In 1849 a Board of Health Inspection was carried out by George T. Clark and a damning report published in 1850, what follows are some of the observations made by Mr. Clark. The town at this time consisted mainly of three areas of population, the “Town” (the area around the parish church), “The Sea-side” or “Flats” (the docks area) and the “Wern”. The town’s administration was carried out by trustees who were elected for life. The income for the running of the town was in excess of £500 of which only £90 was used for gas lighting, the rest being divided annually at Christmas by the trustees between the burgesses.
In the town area a few of the observations made were… “At Forge Row and Caemain the cottages were very dirty with dunghills in heaps all around and also a large pool of stagnant water”. Forge Row consisted of about 50 cottages built back to back, the only toilet being in the Public House. This area was within the spring tide area and was often flooded. There was no sewer, and the drinking water had to be brought from a spring half a mile away, water for other purposes was taken “from a ditch called the town drain” which passed in front of it.
In the area of Hall Street through to Thomas Street there were three Abattoirs, all with an inadequate supply of water and badly drained, a large Tannery, a number of piggeries, the smell from these was obnoxious, especially in warm weather.

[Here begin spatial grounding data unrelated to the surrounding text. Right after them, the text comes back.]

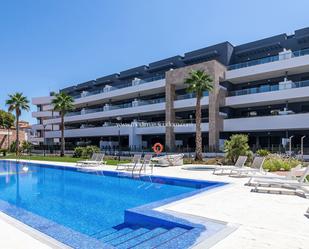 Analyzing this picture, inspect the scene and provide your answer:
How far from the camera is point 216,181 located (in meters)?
12.7

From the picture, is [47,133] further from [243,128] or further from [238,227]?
[238,227]

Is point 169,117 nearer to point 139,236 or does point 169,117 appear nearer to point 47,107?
point 139,236

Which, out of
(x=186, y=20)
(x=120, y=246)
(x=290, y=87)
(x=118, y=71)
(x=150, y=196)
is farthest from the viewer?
(x=118, y=71)

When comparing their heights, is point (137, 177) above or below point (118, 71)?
below

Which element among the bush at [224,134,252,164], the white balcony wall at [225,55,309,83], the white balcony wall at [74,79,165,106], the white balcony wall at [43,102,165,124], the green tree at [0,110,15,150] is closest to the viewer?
the bush at [224,134,252,164]

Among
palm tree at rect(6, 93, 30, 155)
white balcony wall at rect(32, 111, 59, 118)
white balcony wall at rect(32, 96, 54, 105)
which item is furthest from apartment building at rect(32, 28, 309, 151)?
white balcony wall at rect(32, 96, 54, 105)

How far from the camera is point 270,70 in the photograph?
1172 inches

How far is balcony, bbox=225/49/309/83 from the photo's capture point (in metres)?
28.2

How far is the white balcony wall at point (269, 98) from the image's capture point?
2734 cm

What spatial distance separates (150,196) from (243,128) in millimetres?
22181

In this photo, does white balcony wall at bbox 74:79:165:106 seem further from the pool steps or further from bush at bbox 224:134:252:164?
the pool steps

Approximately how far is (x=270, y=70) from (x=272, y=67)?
0.36m

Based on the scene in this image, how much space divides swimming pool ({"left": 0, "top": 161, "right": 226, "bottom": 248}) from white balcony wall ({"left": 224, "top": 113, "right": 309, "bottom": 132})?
60.7ft

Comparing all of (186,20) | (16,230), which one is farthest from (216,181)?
(186,20) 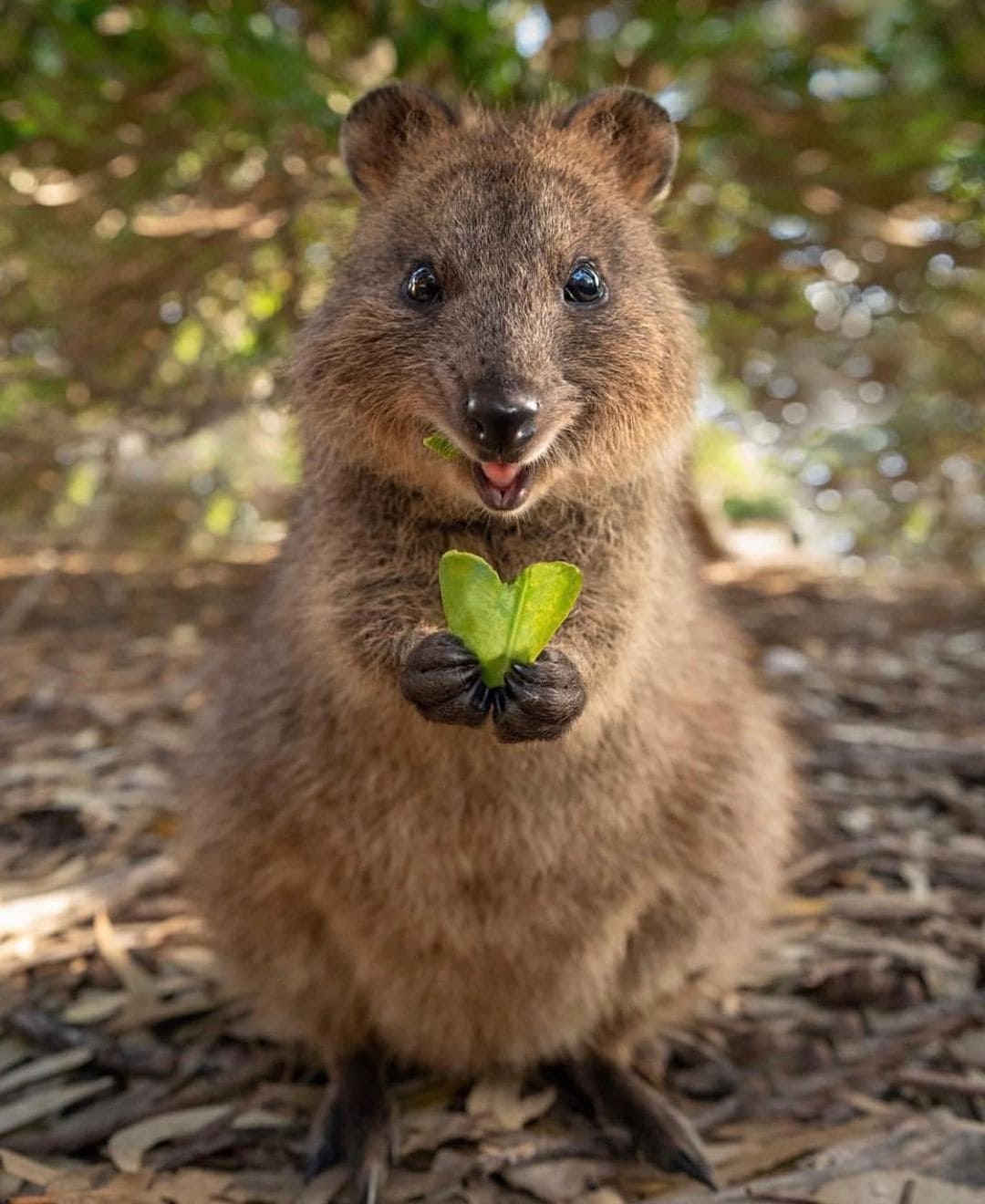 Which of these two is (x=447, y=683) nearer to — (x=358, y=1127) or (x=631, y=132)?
(x=358, y=1127)

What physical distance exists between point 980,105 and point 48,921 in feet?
15.9

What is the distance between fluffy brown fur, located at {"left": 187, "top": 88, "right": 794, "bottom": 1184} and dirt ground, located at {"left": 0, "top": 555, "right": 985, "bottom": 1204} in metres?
0.25

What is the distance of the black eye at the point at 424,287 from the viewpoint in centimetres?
248

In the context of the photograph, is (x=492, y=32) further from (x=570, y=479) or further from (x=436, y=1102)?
(x=436, y=1102)

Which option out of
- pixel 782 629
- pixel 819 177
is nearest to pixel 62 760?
pixel 782 629

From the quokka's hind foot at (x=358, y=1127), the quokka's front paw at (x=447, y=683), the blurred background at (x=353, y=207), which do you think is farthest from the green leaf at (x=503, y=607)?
the blurred background at (x=353, y=207)

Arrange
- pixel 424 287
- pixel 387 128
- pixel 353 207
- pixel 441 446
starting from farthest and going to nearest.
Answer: pixel 353 207, pixel 387 128, pixel 424 287, pixel 441 446

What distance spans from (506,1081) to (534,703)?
1335 mm

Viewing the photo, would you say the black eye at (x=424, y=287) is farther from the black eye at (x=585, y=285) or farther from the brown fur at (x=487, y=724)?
the black eye at (x=585, y=285)

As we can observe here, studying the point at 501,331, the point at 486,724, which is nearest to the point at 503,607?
the point at 486,724

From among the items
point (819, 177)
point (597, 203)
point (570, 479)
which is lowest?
point (570, 479)

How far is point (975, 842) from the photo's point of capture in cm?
409

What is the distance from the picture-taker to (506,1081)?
118 inches

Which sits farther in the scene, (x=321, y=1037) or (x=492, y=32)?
(x=492, y=32)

There was also a Meat Market and also a weekly Pig Market in the area, the roads were unpaved and in a filthy state with dung pits and “ill contrived privies, the contents of one of which soaks into the road.” The only water supply in this area was from the river.
Sea-side had a population of about 2,000 and the houses were mostly built on copper slag. The roads were unpaved and unclean with pools of water gathered in the gutters. There were no regular footpaths, no sewer and very few toilets. Near the Cornish Arms (now named, the Bucket and Spade) “were heaps of ashes, stagnant cesspools, and an accumulation of filth”.

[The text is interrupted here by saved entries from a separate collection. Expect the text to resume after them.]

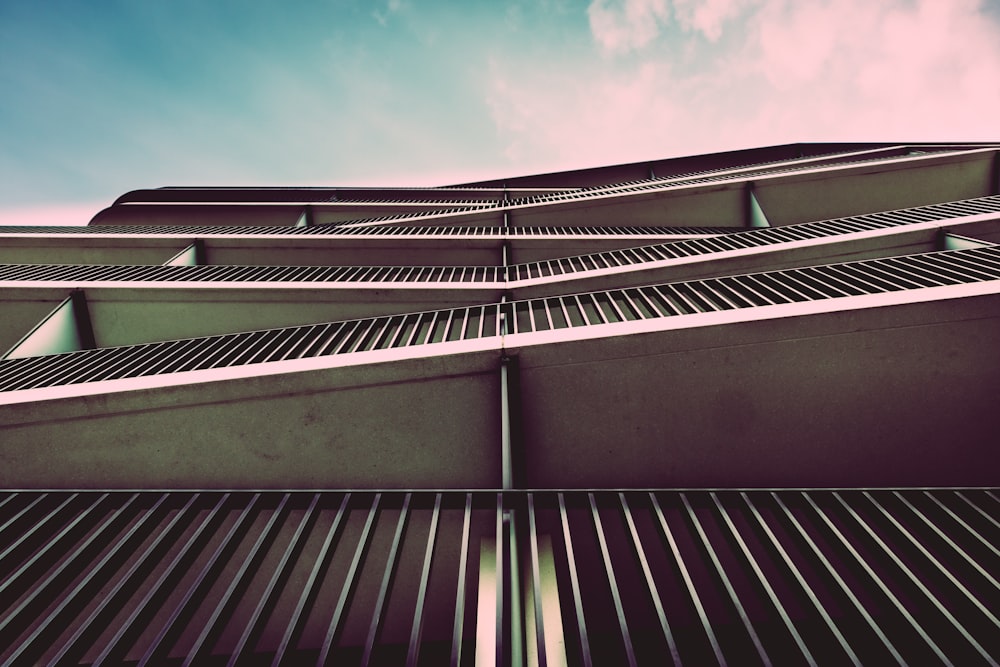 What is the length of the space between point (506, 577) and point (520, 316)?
12.0ft

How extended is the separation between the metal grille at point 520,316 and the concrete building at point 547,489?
49mm

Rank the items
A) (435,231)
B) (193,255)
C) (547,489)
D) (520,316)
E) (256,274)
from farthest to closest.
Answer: (435,231) → (193,255) → (256,274) → (520,316) → (547,489)

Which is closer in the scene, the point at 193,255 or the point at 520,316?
the point at 520,316

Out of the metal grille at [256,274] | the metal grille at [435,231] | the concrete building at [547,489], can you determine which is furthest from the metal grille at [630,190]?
the concrete building at [547,489]

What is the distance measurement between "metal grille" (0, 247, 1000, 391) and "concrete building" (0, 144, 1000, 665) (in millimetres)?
49

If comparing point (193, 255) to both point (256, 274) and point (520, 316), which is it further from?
point (520, 316)

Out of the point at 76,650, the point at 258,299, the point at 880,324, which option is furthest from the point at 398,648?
the point at 258,299

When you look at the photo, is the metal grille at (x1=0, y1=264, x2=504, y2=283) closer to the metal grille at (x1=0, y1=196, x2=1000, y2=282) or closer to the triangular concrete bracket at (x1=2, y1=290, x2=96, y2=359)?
the metal grille at (x1=0, y1=196, x2=1000, y2=282)

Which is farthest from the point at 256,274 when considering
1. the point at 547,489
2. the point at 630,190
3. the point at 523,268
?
the point at 630,190

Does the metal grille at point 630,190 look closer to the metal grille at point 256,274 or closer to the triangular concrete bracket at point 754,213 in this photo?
the triangular concrete bracket at point 754,213

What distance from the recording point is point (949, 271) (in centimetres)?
356

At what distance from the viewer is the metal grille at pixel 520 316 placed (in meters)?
3.62

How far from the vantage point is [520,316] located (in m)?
5.46

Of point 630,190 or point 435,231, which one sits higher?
point 630,190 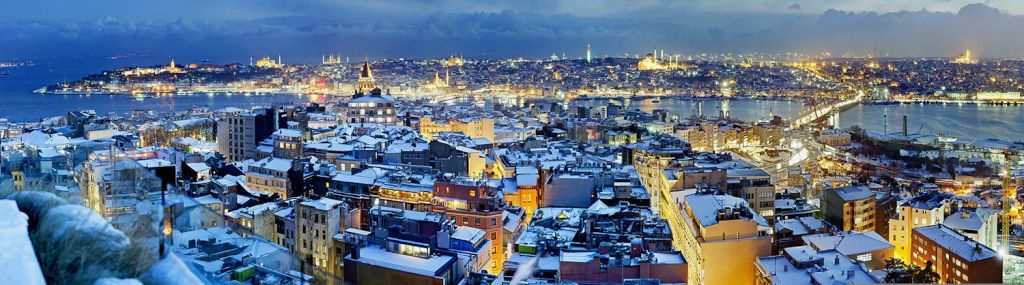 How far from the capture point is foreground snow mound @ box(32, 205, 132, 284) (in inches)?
40.8

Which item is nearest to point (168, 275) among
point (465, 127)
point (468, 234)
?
point (468, 234)

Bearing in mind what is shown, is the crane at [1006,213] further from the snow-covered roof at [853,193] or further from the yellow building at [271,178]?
the yellow building at [271,178]

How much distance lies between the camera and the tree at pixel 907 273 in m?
5.59

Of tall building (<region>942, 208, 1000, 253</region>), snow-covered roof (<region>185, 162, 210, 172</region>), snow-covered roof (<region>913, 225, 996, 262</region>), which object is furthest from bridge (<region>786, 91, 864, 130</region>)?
snow-covered roof (<region>185, 162, 210, 172</region>)

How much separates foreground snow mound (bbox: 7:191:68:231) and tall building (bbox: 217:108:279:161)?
1179 centimetres

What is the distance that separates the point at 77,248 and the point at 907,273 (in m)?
5.73

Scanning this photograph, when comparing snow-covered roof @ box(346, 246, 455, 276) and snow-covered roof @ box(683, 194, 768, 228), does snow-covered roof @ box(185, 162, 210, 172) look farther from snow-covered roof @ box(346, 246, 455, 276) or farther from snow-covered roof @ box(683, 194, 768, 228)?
snow-covered roof @ box(683, 194, 768, 228)

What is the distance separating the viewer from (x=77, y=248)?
1045 mm

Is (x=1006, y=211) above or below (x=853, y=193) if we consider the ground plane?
below

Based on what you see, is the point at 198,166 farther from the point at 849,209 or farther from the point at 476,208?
the point at 849,209

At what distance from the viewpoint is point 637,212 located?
641 cm

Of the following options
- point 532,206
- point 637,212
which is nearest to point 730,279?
point 637,212

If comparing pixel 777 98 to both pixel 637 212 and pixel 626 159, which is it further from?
pixel 637 212

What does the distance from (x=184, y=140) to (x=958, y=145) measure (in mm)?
15037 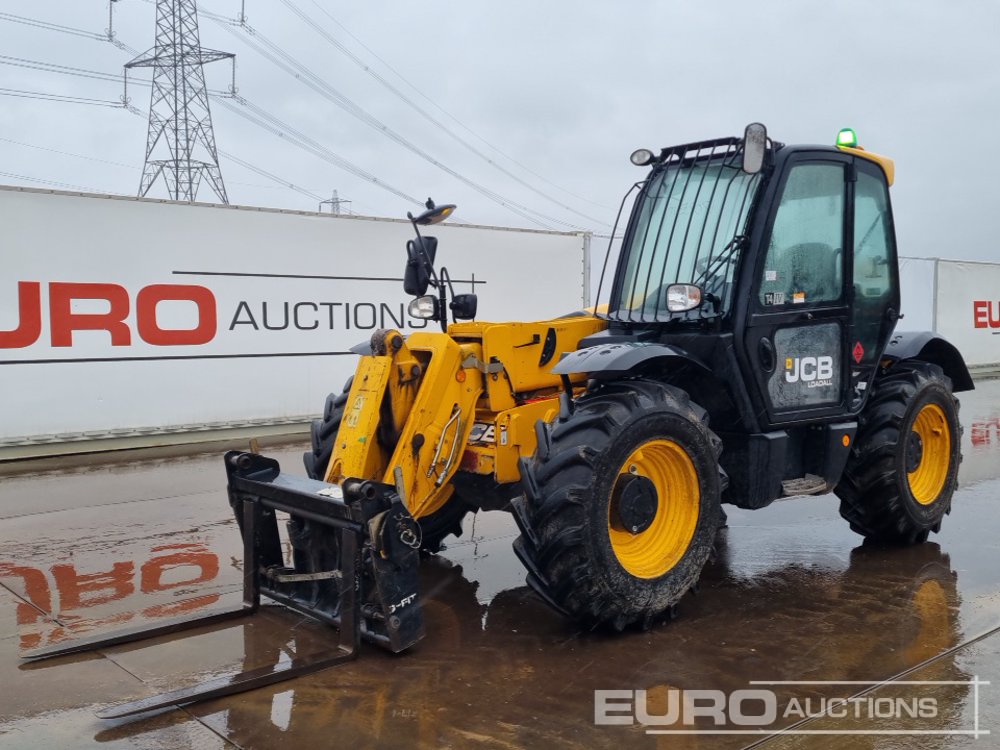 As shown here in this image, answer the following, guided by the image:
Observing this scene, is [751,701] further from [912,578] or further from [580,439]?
[912,578]

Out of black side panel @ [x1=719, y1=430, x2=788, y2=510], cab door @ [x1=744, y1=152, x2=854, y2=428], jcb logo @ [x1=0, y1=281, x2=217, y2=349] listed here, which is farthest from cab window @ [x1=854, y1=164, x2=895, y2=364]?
jcb logo @ [x1=0, y1=281, x2=217, y2=349]

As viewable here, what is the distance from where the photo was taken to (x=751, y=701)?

The Wern consisted of some 448 cottages, much the same story was reported here with the higher land draining onto the cottages. To the rear of Wern Row the pigsties and toilets had no drains and the “fluid escaping along the falling ground, expose a large surface of putrescent matter”.
A number of recommendations had been made to rectify these problems some years earlier but the Trustees running the town had chosen to ignore them. Because of this Mr. Clark recommended that a new Local Board of Health be elected under the Public Health Act, to replace the present body of Trustees, this would consist of 12 members to represent the whole of the district and each year one third of the members would go out of office and elections held to replace the vacated seats.